If you’re into that sort of thing, ARO also pops up on Joel Greenblatt’s “magic formula” screen (and, if you can believe everything you read on the interent, was once the subject of a sizeable investment by the man himself).
The only red flag valuation-wise is the above-average P/B (4.4x). Part of that seems to come from substantial stock buybacks, and part from better working capital management. The company appears to keep substantially less inventory on hand than its competitors.
A comparison of efficiency and growth statistics of Aeropostale and two major competitors briefly illustrates its superior management and competitive position:
|Days Inv.||Asset Turnover||5Y Rev. Avg Growth||5Y EPS Avg Growth||5Y Avg. ROE|
The numbers suggest that, given their relatively similar levels of financial leverage, Aeropostale owes its immense – and unlike its competitors, consistently growing – return on equity to its significantly greater efficiency and higher margins. Efficiency (along with consistent and well-managed growth) suggest that high-quality management is in place that will continue to make excellent use of the company’ s retained earnings to build an increasingly strong competitive position.
So, what’s it selling for? Current P/E of 9.73 is 36% below the S&P 500 average of 15.1 and also below competitors like ANF (35.5), American Eagle (19.16), or GPS (11.89).
What’s the catch? The stock has been knocked down recently for missing analyst expectations and suffered a few analyst downgrades. That unnerved me a bit at first, but if it pushes down the price farther it ought to make this a safer investment by widening the gap between its intrinsic and market values. From what I can gather some analysts seem concerned that the company is operating at peak profitability. To some extent, that’s true: operating margins and COGS are at high/low points respectively.
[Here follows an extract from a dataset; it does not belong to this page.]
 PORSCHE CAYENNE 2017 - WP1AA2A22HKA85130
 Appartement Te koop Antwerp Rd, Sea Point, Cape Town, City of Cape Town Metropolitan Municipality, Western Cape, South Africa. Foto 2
Without seeing the reports it’s hard to say how they address ARO’s improving efficiency or the ability of its smaller-margined competitors to continue to squeeze prices, but the encouraging thing is that even if those concerns are valid and the company merely treads water earnings-wise then it continues to be undervalued and if these concerns push down the price it becomes even more so.
It’s not quite a slam dunk, and there will probably be a lot of short-term volatility concerning quaterly earnings estimates, but ARO looks like a good long-term bet.